Dr. B.R.Ambedkar has now become part of the pantheon. More people than you can shake a stick at have claimed him for their own. The latest entry into the Telegu world of politics is the film actor Chiranjeevi (him of the 20,000 odd fan clubs) and in his pantheon of heroes that he adorns the back drop of his Prajya Rajam (People’s Rule) party posters – Ambedkar takes pride of place. Interestingly enough, Mother Theresa shows up too.

So wherever you go, there is an Ambedkar statue to be found. A few posts ago we saw Ambedkar at Christmas. This is a more standard version. Note the amazingly pink skin he is painted with. Though he did prefer suits to Gandhi’s khadi, and did have a foreign wife, he certainly did not undergo the kind of treatment that our dear friend Michael Jackson did. It is interesting, though, to see the colour that he has been given. What does it tell us of the place that the “Englishman” still holds in our colour-conscious society.

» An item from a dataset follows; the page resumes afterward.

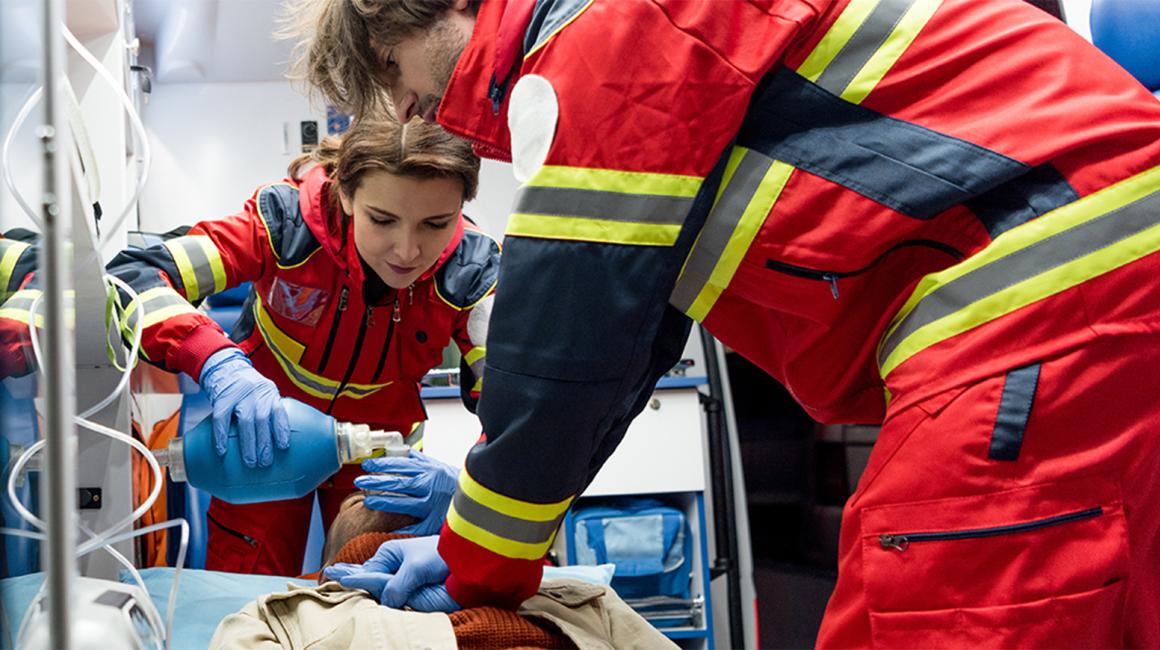 dwoje ratownikow w karetce robi masaż serca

Then there is Gandhi. We don’t see so much of him these days. For some reason, the Gandhi statue at Tungalam (the village Amma and Appa live in) is golden. The garland around him has withered away to a dark crust. Could it be from his birthday celebrations on Oct. 2nd? We hear very little about Gandhi these days. For all intents and purposes, nobody seems to take him seriously at all. I have yet to hear anything about him brought up in the context of the Mumbai terror attacks.






And then there are various local notables. This gentleman blowing what seems to be a shennai was seen in Palakollu near a prominent intersection. I don’t know Telegu – and he doesn’t seem to be NT Rama Rao. Any gentle reader with Telegu skills who can help me out?









More Ambedkar. This time a golden Ambedkar bust – with a Jagjivan Ram bust to go with it. Spotted at Tungalam. Maybe they like their statues in a golden hue here? This twosome was outside a small school which we pass when we take a short cut to Amma and Appa's home. I had to ask Appa who they were as I could not recognise these distinguished gentlemen. Maybe I need Ambedkar's blue suit after all to clue me in!

What is a Communist to do with all this false consciousness floating about? Well, we are not deep in Kerala, so no Karl Marx or Lenins around. But the humble flag post outside the local Marxist trade union deserves something substantial - hence this concrete reminder of the CITU - complete with local loafer smoking a bidi and Bible verses written on a wall nearby!





Finally, the whole pantheon. Obviously a staunchly Congress pantheon, with Indira Gandhi and Jawaharlal Nehru on the left, next a very muscley looking Gandhiji, and then various other leaders overlooking a main traffic circle in Palakollu town. Subash Chandra Bose makes a saluting appearance – and I think I recognize Andhra’s own prime minister PV Narasimiah Rao (3rd from left – holding what looks like a cane in his hand). Below these giants of yesteryear – are the film posters of the giants of today's Telegu heartland. There are a bewildering number of he-men and she-ladies (usually half the age of their male counter parts and always wearing far less clothing – the recession perhaps?) that make up Telegu cinema.